Kesar or Saffron in itself is bitter in taste and only when used in the right proportion and in the right way, does it add its unique magical touch to the dishes. Saffron is obtained from the saffron crocus, a flower that has lilac coloured petals. If you look at the crocus close up, you will notice that there are three orange strands in the centre of the flower. These strands or stigmas as they are also known are the un-dried saffron strands that we use in cooking. Saffron’s authentic flavour is best released through heat. Therefore, the best way to use saffron in Indian cooking is to soak whole threads of it in hot liquid before use. You can either use warm water or hot milk for the purpose, depending on the kind of dish you are preparing. The ideal proportion is one teaspoon of saffron soaked in three teaspoons of liquid, without breaking or crushing them. The traditional, and perhaps the best way is to soak this for about two hours, which lets the threads increase in volume and double in size. Once soaked thoroughly, use the whole saffron threads as and when needed. This form of saffron is best used on Indian main courses like Biryani or Zafrani Pulao and also in desserts like Kheer, Phirni, etc. They can be used for garnishing as well on desserts and other dishes.
Burfi or Barfi is a very popular sweet confectionary from the Indian subcontinent. There are a variety of burfees that we can make such as Besan burfi (made with gram flour), Plain Kaju burfi (made with cashew nuts), Badam burfi (made with almonds), Coconut burfi (made with coconut), Rava burfi (made with semolina), and Walnut burfi etc. Traditionally the burfi is made from milk or condensed milk cooked with sugar until it solidifies. They are often flavoured with nuts, cardamom or rose water, mango or coconut etc. They are coated with a thin layer of edible metallic leaf known as vark. These burfees are attractively cut into different shapes like square, diamond or round. Different types of barfi vary greatly in their color and texture.
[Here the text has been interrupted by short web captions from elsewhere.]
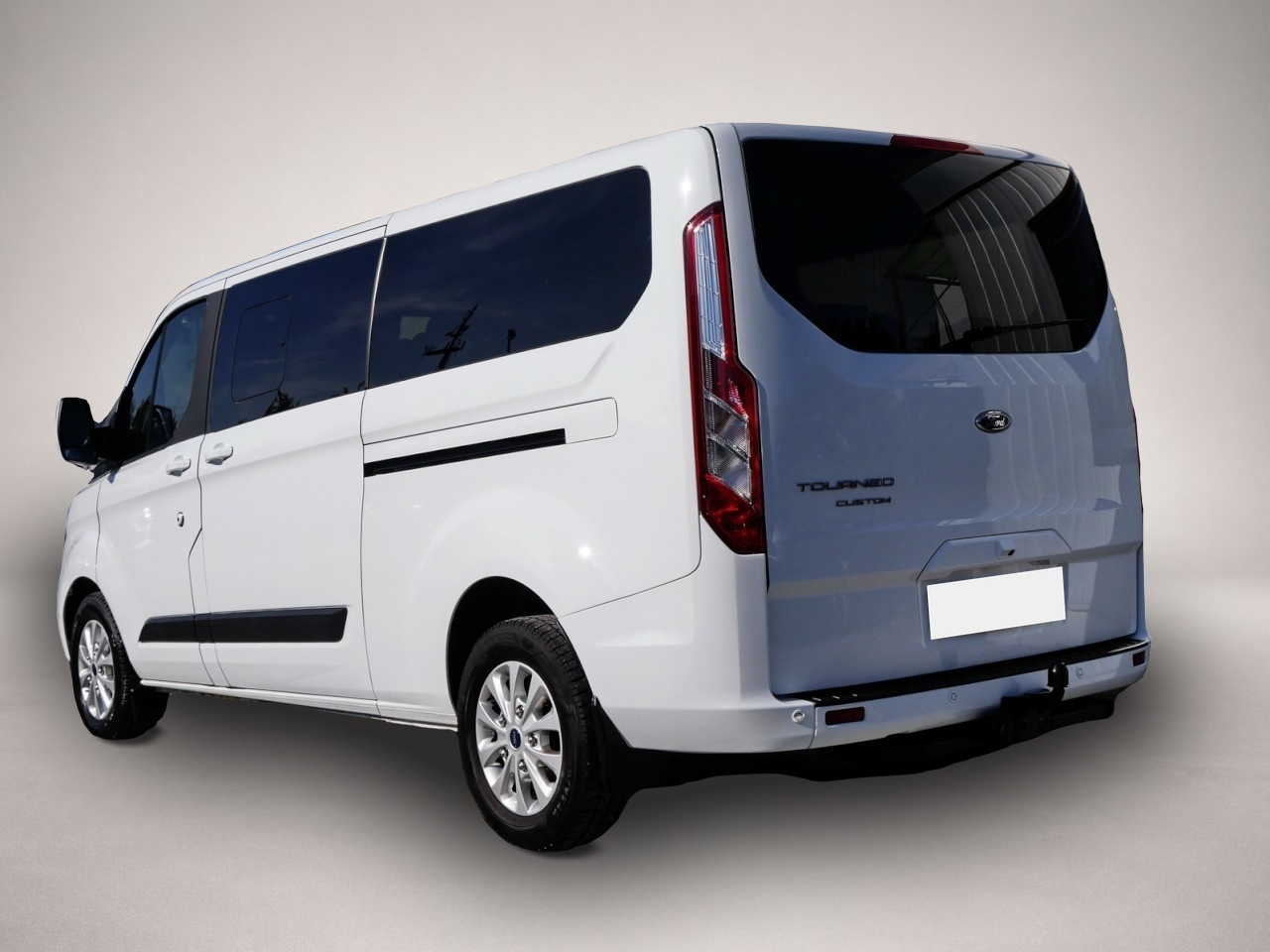 Ford Tourneo Custom (06/2022, Diesel)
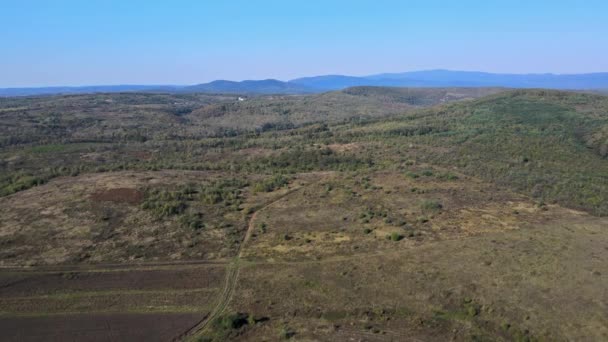 Légi kilátás csodálatos idilli panoráma a domboldalon hegyek vidéki táj — Stock videók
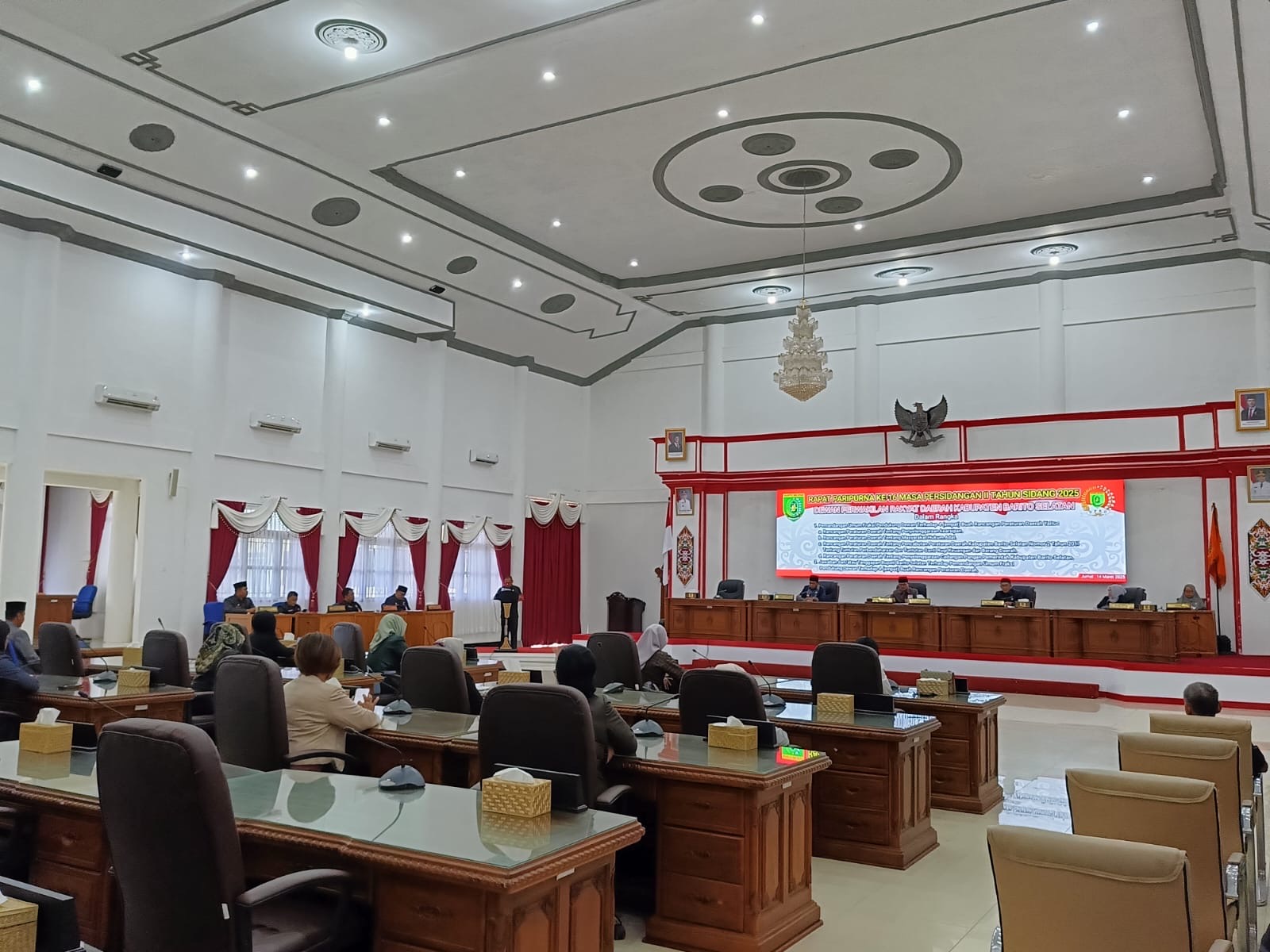Tiga fraksi DPRD Barsel sepakat empat raperda dibahas ke tahap berikutnya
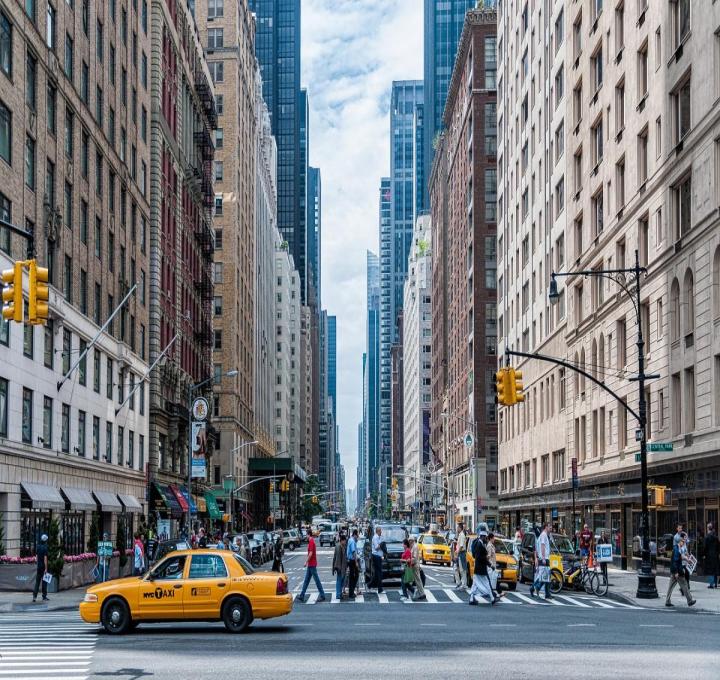 pedestrians-gd433f4dc1_1920_0.jpg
To prepare this incredible variety of Indian sweet delicacy, firstly soak the cashew nuts in water for 3 hours. Drain the water and grind the cashew nuts finely. In a pan mix sugar and cashew nuts, and roast on low heat, stirring constantly. Mix saffron and orange colour in it. Roast till done. On the rolling board place a butter paper and pour the mixture on it. Now place another butter paper, sandwiching the mixture between the two papers. Roll it with rolling pin. Remove the butter paper from top and place silver vrak, and cut the Kesar Kaju Burfi pieces.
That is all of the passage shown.